Synthesis, preparation and measurement methods
In the aforementioned study, a 2-step dealloying synthesis method [2] is employed to demonstrate the tunability of the microstructure independently for the two hierarchical levels of nanoporous gold based on the master alloy Ag90Au10. Firstly, a coarsened nanoporous silver-gold (NPSG) material is obtained through a dealloying step followed by annealing. A subsequent second dealloying process is then used to remove the residual Ag generating thus hierarchical nanoporous gold (HNPG) samples. Figure 1 shows a graphical representation of this process.
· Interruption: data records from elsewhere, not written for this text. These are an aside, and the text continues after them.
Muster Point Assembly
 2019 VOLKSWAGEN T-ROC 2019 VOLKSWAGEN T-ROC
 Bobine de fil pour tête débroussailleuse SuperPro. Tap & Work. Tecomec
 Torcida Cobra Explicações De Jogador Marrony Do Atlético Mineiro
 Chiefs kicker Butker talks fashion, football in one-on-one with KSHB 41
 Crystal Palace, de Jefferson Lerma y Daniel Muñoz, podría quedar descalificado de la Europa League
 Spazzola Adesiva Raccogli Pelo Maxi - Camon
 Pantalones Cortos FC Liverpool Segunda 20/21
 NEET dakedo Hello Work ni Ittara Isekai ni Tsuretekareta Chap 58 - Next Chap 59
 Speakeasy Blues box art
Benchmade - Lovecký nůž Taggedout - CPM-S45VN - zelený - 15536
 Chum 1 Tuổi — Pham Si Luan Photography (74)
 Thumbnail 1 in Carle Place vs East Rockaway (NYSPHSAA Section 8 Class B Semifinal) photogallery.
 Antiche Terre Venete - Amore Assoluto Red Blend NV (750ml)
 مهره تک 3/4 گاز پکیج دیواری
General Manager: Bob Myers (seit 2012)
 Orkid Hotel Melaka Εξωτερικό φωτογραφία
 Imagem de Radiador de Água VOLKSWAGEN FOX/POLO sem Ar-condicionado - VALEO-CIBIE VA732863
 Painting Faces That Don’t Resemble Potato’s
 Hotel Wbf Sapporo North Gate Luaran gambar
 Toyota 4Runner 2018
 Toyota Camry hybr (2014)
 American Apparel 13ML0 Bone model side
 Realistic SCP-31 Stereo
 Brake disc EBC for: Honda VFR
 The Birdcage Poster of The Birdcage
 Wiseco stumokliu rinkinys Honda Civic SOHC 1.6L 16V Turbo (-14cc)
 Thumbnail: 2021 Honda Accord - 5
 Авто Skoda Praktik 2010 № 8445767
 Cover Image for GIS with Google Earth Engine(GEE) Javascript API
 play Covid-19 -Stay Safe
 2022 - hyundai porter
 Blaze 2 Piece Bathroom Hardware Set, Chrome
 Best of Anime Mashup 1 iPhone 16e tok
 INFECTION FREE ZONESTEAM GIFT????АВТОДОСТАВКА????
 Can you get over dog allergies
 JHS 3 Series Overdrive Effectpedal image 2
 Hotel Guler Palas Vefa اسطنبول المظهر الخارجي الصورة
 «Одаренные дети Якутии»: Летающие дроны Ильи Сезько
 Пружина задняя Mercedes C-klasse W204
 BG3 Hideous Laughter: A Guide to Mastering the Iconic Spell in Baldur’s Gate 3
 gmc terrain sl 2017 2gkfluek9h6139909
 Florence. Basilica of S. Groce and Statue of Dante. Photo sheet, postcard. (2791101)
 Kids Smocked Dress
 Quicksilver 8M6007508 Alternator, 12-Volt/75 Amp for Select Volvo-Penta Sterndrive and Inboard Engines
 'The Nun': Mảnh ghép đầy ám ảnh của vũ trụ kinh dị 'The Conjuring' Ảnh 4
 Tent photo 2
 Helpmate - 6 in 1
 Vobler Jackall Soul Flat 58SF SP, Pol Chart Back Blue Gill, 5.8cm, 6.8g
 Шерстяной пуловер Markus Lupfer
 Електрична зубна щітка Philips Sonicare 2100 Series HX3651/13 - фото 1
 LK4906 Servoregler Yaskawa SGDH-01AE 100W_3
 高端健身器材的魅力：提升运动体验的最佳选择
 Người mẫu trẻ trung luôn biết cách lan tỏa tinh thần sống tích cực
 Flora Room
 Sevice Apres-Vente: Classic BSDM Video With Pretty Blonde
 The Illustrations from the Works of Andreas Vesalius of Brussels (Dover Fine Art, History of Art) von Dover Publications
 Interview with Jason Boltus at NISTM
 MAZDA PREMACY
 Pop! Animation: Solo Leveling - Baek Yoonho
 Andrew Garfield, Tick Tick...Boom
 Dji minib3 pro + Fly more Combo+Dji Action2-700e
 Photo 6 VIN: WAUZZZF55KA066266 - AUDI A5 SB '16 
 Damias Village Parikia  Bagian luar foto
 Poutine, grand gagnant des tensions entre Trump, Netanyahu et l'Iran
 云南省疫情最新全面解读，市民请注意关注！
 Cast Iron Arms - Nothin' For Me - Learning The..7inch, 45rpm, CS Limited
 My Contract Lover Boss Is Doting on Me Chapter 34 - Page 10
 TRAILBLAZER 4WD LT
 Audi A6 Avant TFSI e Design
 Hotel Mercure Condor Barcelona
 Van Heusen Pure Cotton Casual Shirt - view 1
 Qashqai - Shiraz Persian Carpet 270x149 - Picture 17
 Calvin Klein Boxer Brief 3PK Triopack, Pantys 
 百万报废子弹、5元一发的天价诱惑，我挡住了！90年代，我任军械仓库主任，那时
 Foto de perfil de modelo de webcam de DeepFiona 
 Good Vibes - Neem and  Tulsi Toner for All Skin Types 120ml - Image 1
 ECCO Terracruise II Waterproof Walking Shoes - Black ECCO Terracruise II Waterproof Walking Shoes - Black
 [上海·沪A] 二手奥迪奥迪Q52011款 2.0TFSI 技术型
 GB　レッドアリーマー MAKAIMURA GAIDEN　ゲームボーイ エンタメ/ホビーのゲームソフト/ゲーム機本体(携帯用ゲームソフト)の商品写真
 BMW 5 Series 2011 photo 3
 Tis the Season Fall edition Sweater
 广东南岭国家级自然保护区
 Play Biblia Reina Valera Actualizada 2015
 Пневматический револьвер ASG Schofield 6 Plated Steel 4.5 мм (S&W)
Fig. 1 Schematic illustration of the 3-steps synthesis process [2] of hierarchical nanoporous gold: first dealloying of a Ag-rich precursor alloy results in a nanoporous network with high amount of residual Ag; coarsening of the ligament structure by thermal annealing produced a nanoporous silver-gold (NPSG) material; finally, a second dealloying step removed the residual silver and forms the lower level nanoporous microstructure thus obtaining a hierarchical nanoporous gold (HNPG) sample. Image inspired by refs. [3,4].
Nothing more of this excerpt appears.